_WORK REQUEST_
Please write out exactly the line containing "Результат Результат" below and every line after it, through the last one, but leave out any pictures.

_DATASET RECORDS_
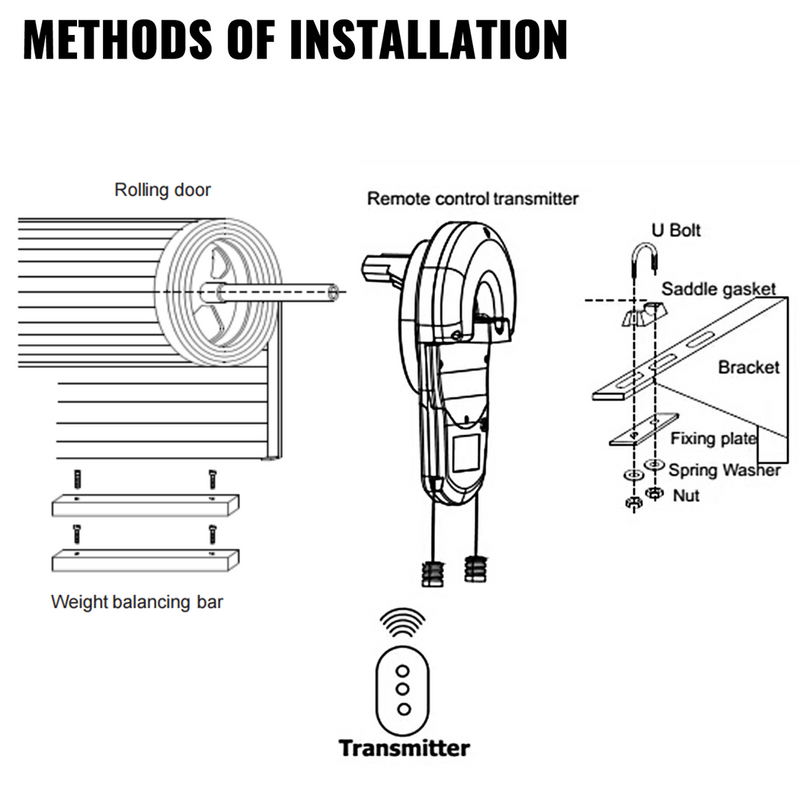 Load image into Gallery viewer, PORIYA Automatic Roller Door Opener 1200N Motor Garage Door Roller w/ Remote Control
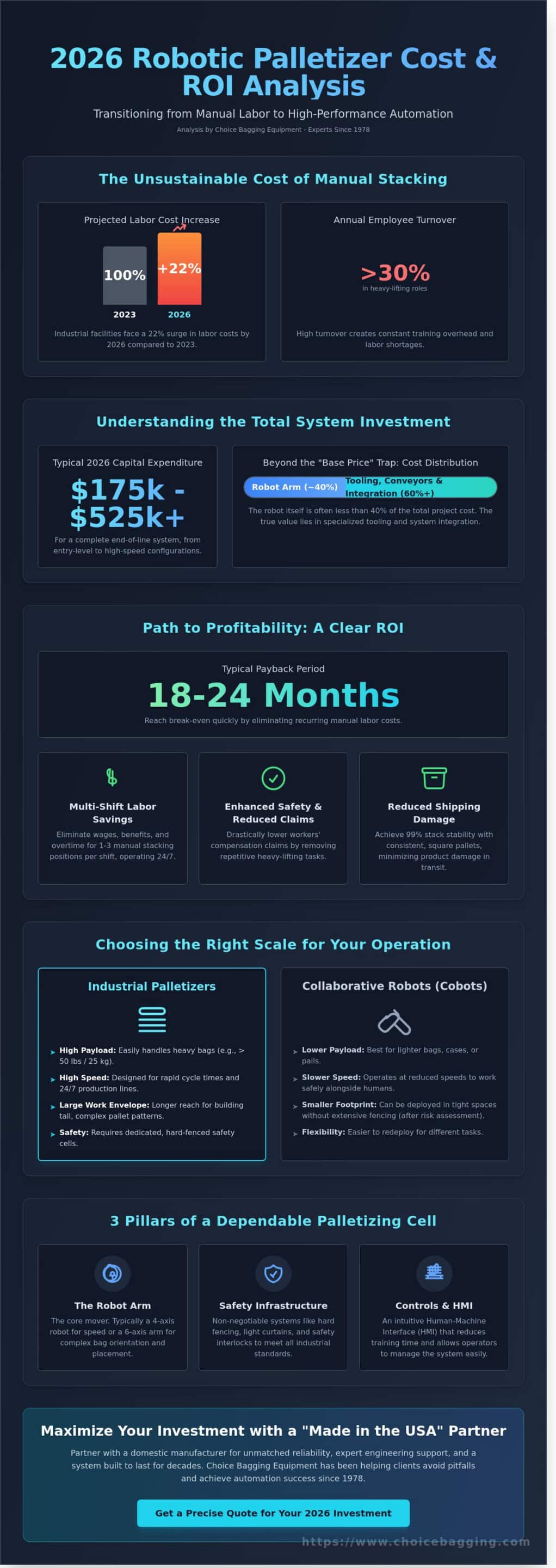 robotic palletizer cost analysis: 2026 industrial investment guide infographic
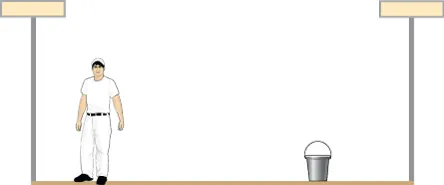 Rysunek mężczyzny stojącego po lewej stronie i wiadro usytuowane po prawej stronie rusztowania.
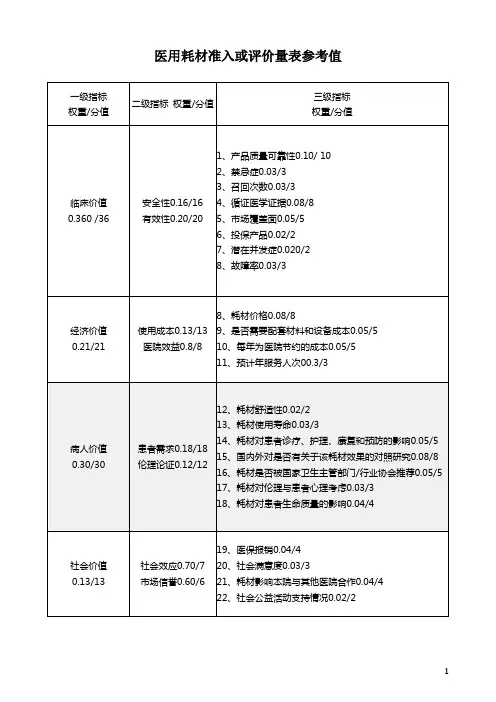 医用耗材准入或评价量表参考值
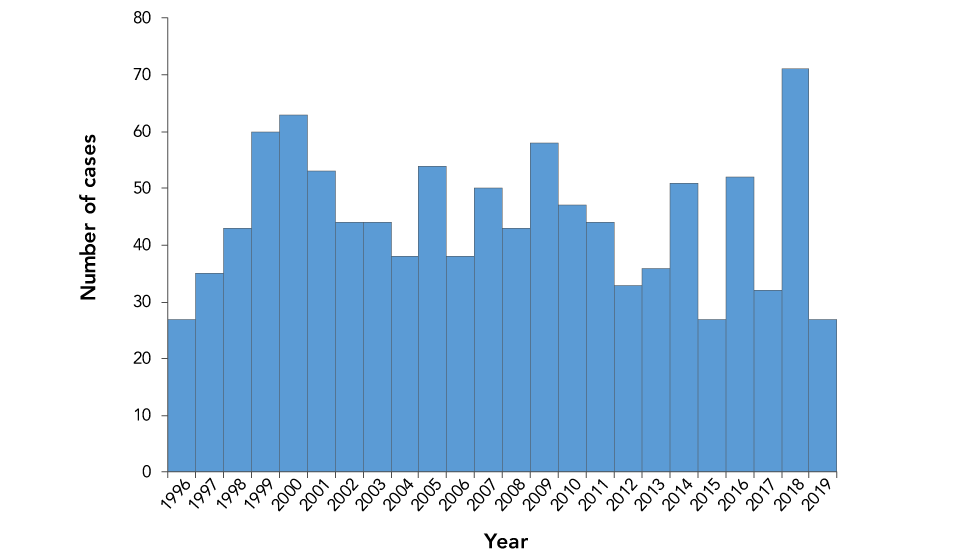 Figure 1: Number of confirmed AFP cases in Canada, by year, 1996–2019 (n=1,070)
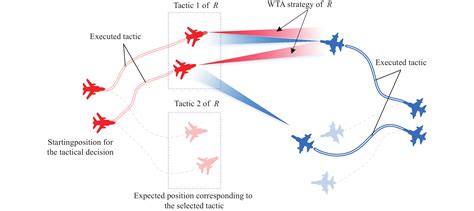 Aerial Combat Tactics in War Thunder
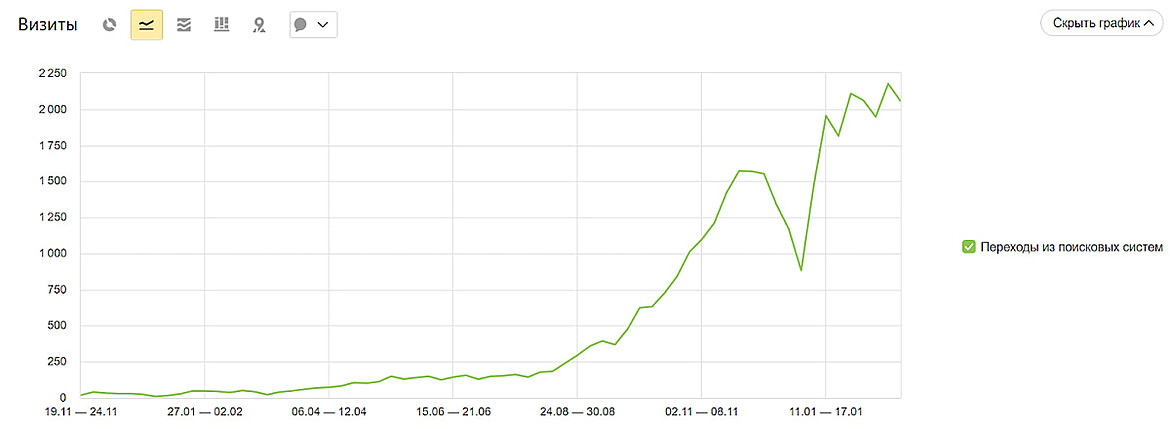 Результат Результат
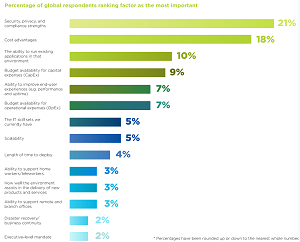 Top Infrastructure Decision Factors (percentage of global respondents ranking factor as the most important)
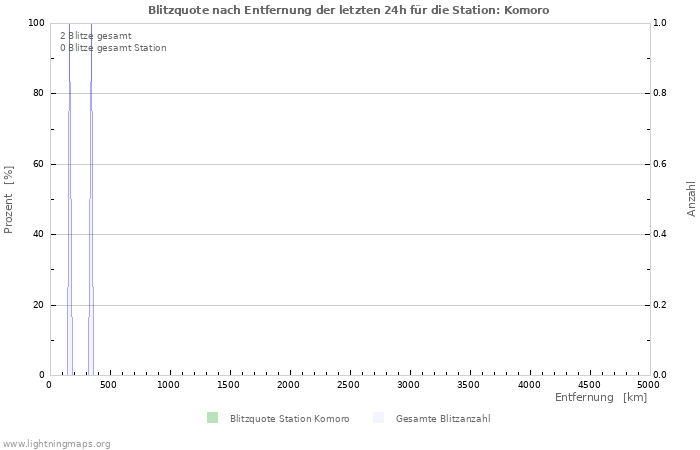 Diagramme: Blitzquote nach Entfernung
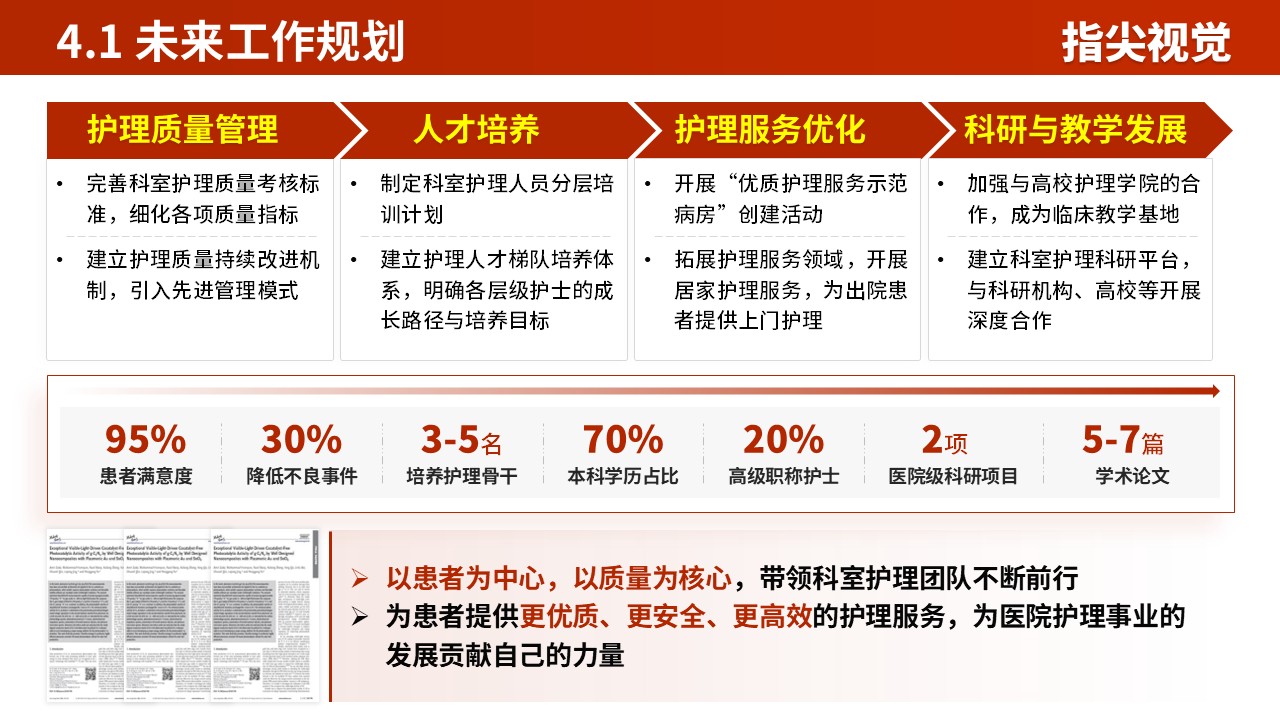 037期-护士长述职答辩（红色）第11页预览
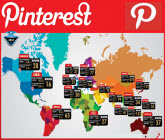 Websites Domain Names Is On Pinterest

_EXERCISE ANSWER_
 Результат Результат
 Top Infrastructure Decision Factors (percentage of global respondents ranking factor as the most important)
 Diagramme: Blitzquote nach Entfernung
 037期-护士长述职答辩（红色）第11页预览
 Websites Domain Names Is On Pinterest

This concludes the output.